For this exercise, retype all the data exactly and exclude every image.

## Extracted data
▼

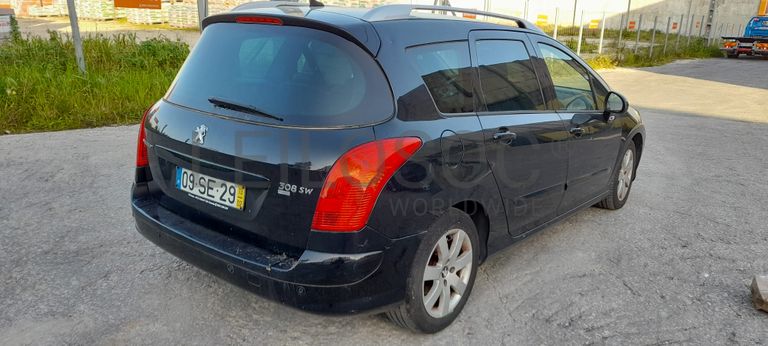 Peugeot 308 1.6 HDI · Ano 2013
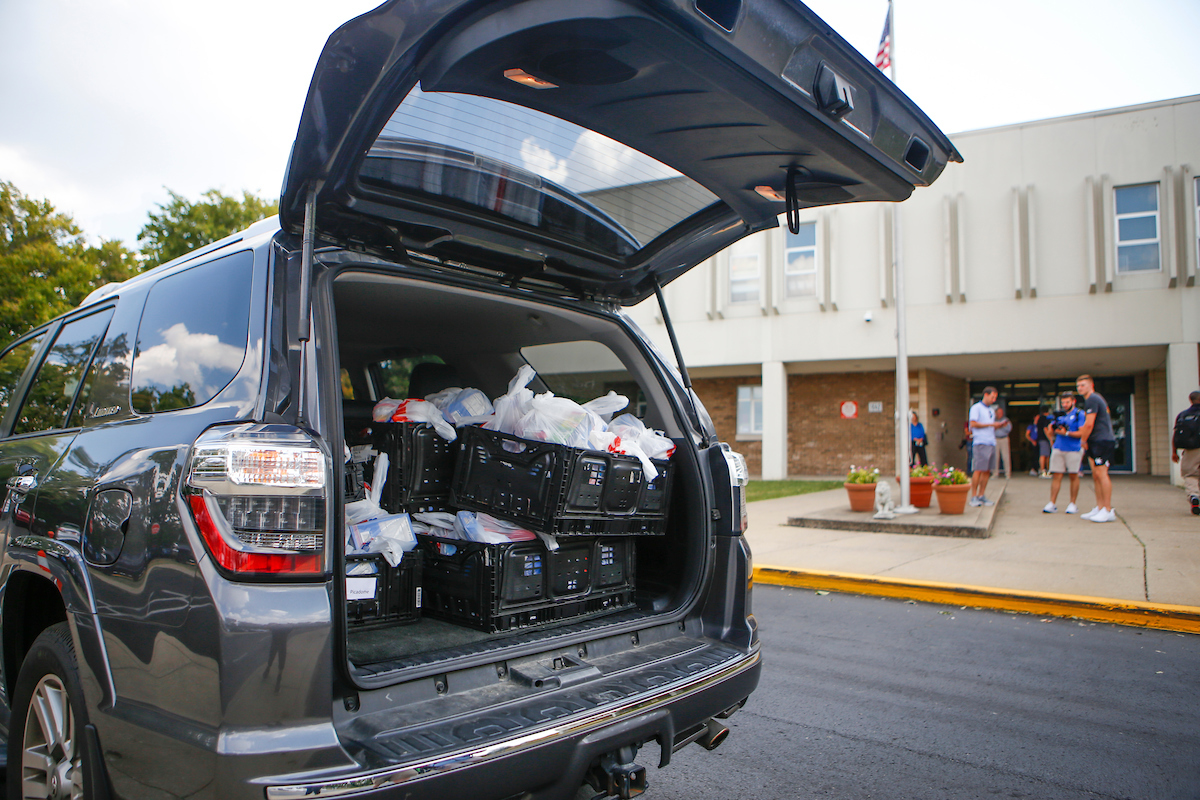 Men's Basketball team delivers food to God’s Pantry at Picadome Elementary. 

Photo by Hannah Phillips | UK Athletics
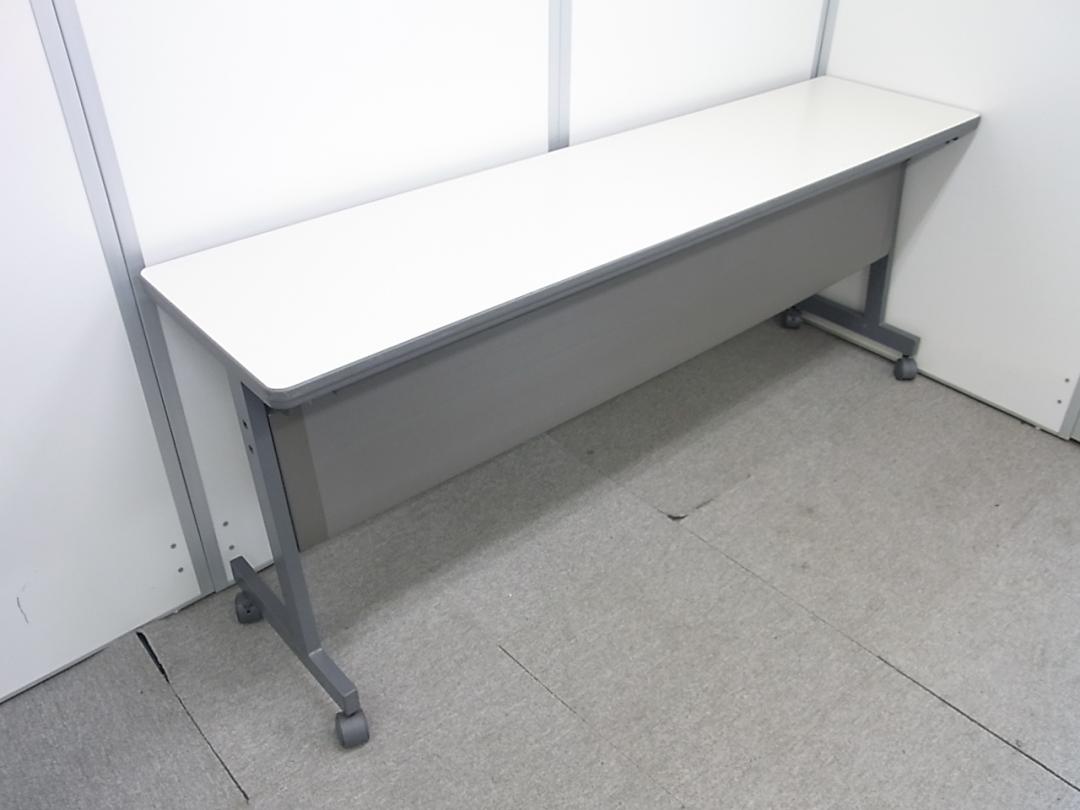 【4台入荷】サイドスタックテーブル キャスター付きテーブル　移動可能　天板折りたたみ可能
                        
                                    中古
            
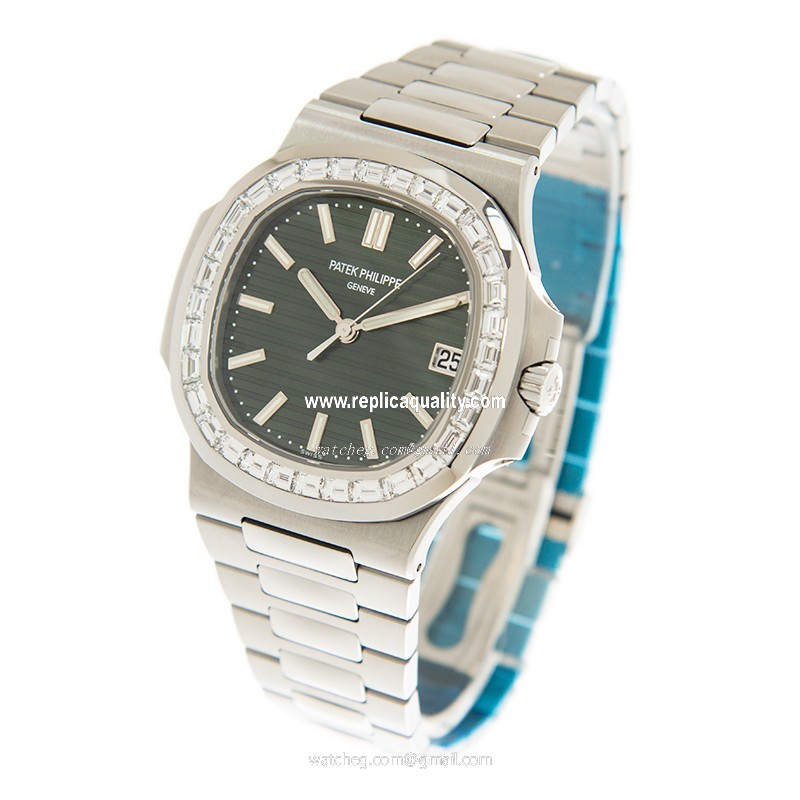 Patek Philippe 5711/1300A-001 3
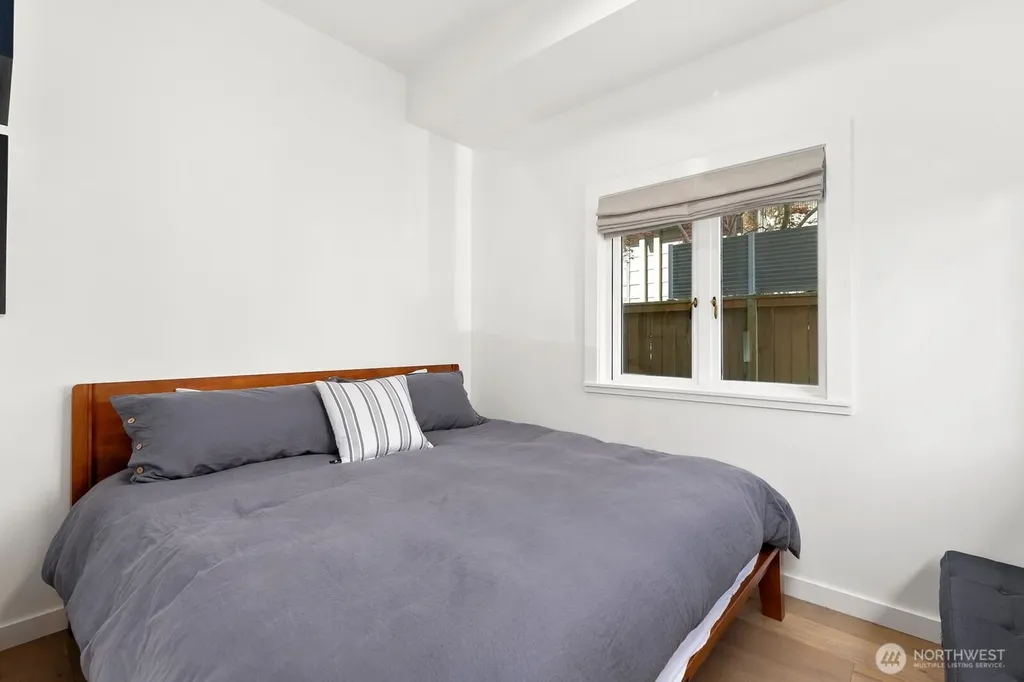 5932 California Avenue SW Seattle WA 98136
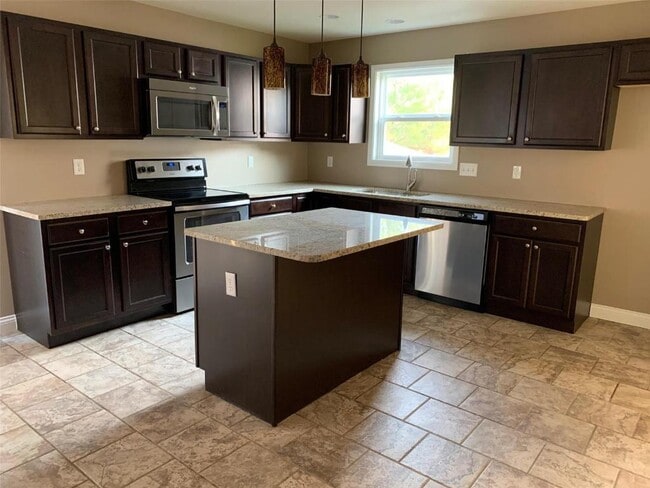 Foto del edificio - 118 Prairie Bluffs Dr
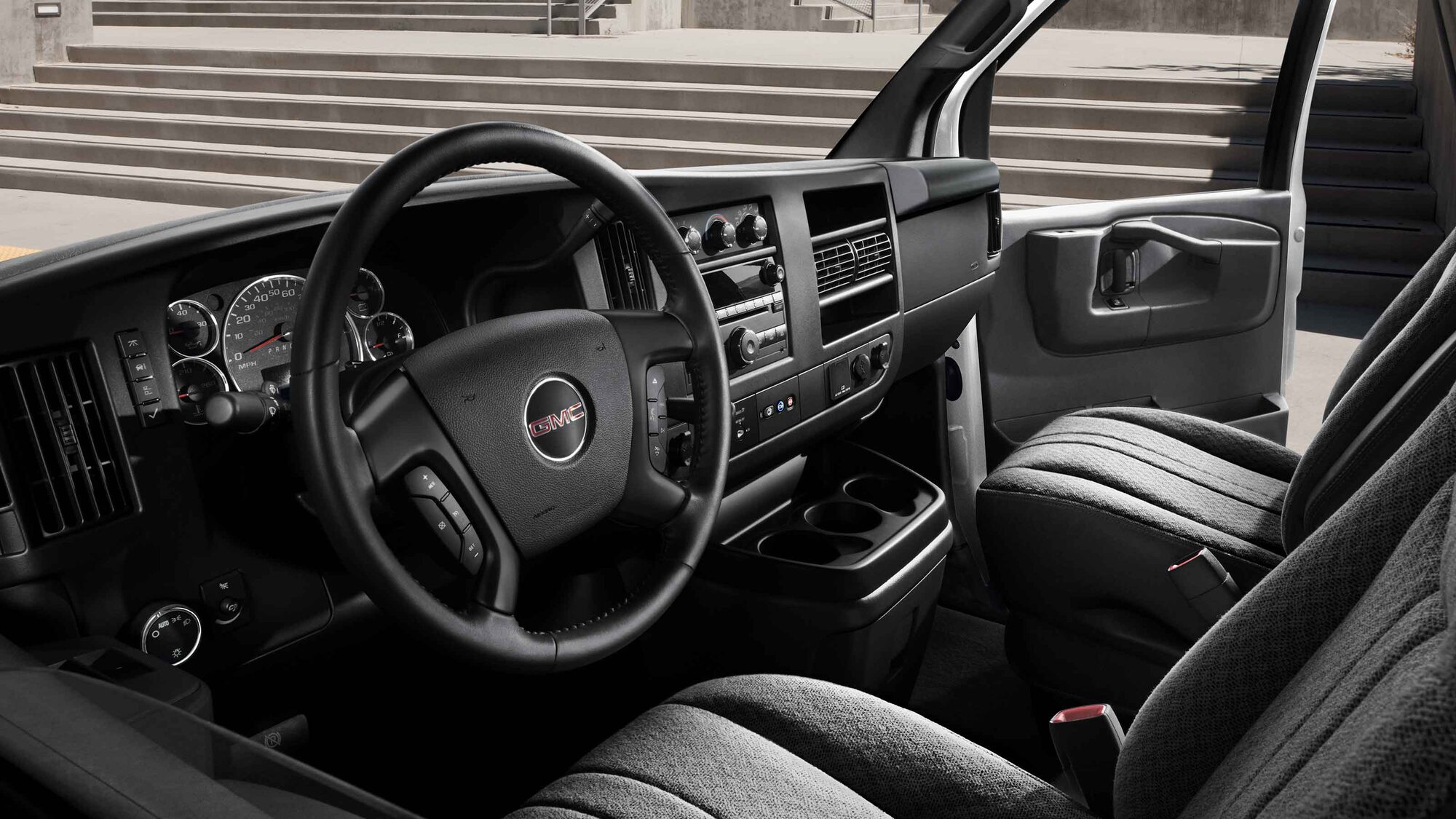 2020 gmc savana body styles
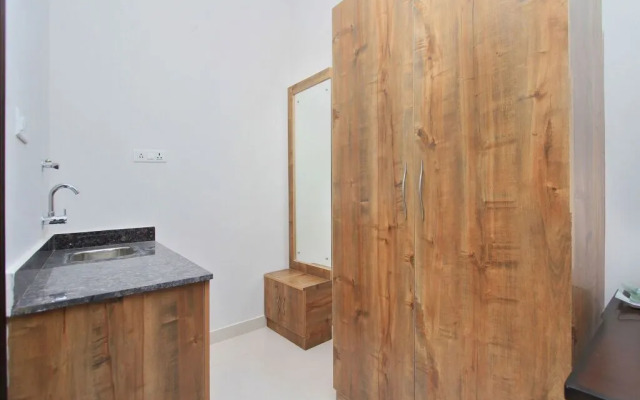 Hotel Royal Residence by OYO Rooms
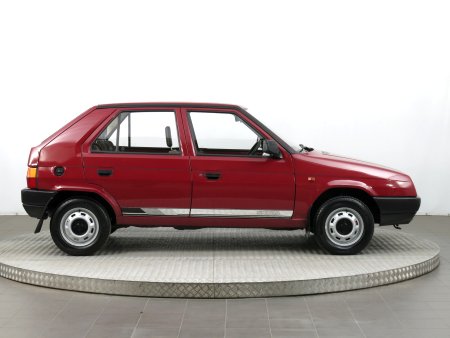 Škoda Favorit, 1989 - pohled č. 8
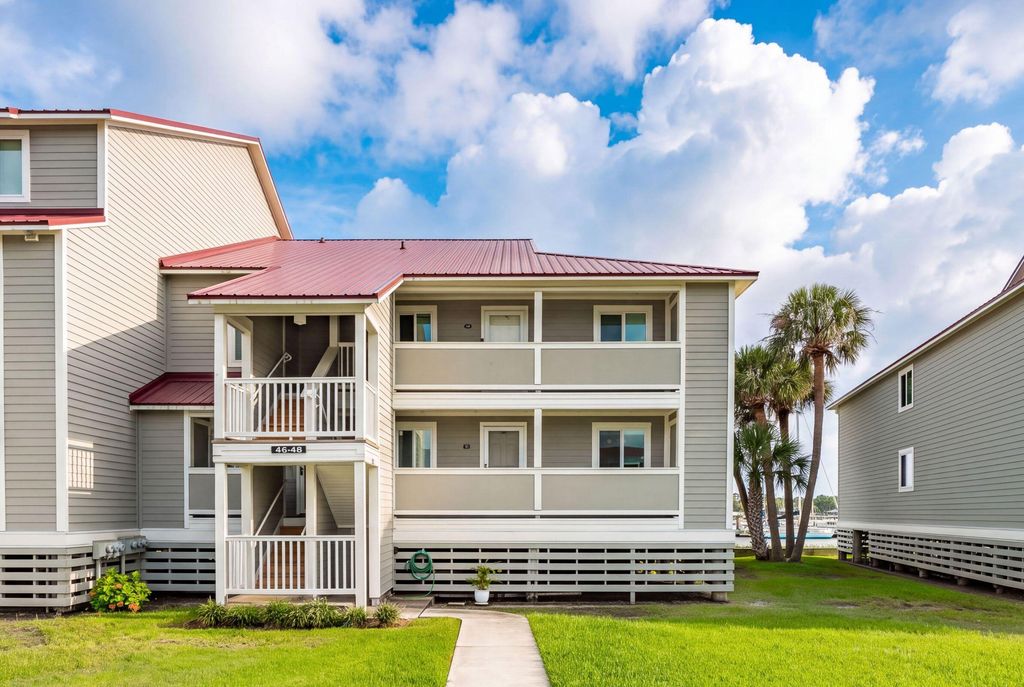 47 Mariners Cay Drive, Folly Beach, SC 29439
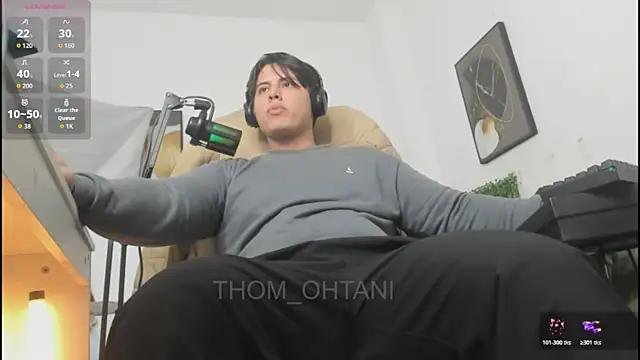 Snapshot of Thom_Ohtani chatting on May 2026 01:57:16 AM Thom Ohtani online show from May 2026 01:57:16 AM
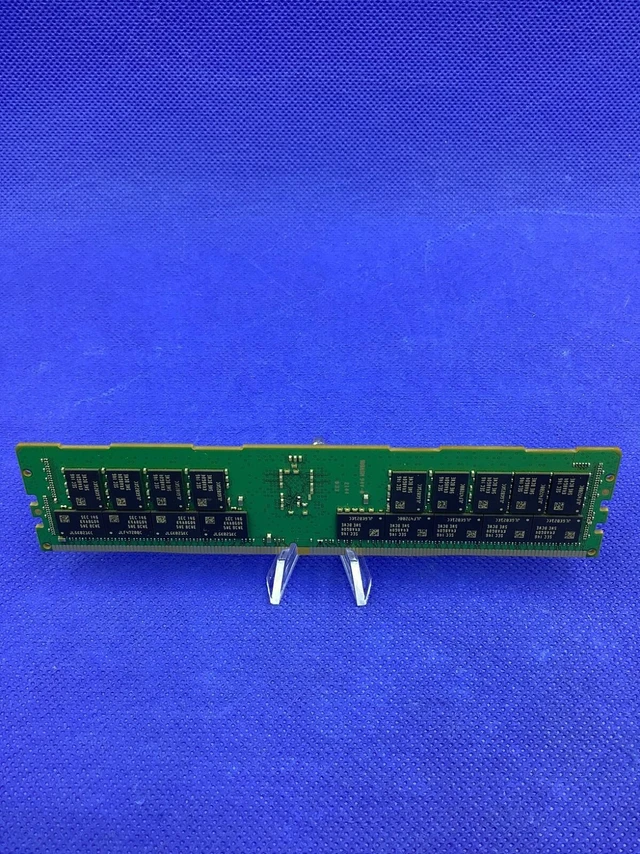 Alt view image 2 of 2 - M393A4K40EB3-CWE SAMSUNG 32GB (1X32GB) 2RX4 PC4-3200AA MEMORY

▲

## Solution for this task
 Peugeot 308 1.6 HDI · Ano 2013
 Men's Basketball team delivers food to God’s Pantry at Picadome Elementary. 

Photo by Hannah Phillips | UK Athletics
 【4台入荷】サイドスタックテーブル キャスター付きテーブル　移動可能　天板折りたたみ可能
                        
                                    中古
            
 Patek Philippe 5711/1300A-001 3
 5932 California Avenue SW Seattle WA 98136
 Foto del edificio - 118 Prairie Bluffs Dr
 2020 gmc savana body styles
 Hotel Royal Residence by OYO Rooms
 Škoda Favorit, 1989 - pohled č. 8
 47 Mariners Cay Drive, Folly Beach, SC 29439
 Snapshot of Thom_Ohtani chatting on May 2026 01:57:16 AM Thom Ohtani online show from May 2026 01:57:16 AM
 Alt view image 2 of 2 - M393A4K40EB3-CWE SAMSUNG 32GB (1X32GB) 2RX4 PC4-3200AA MEMORY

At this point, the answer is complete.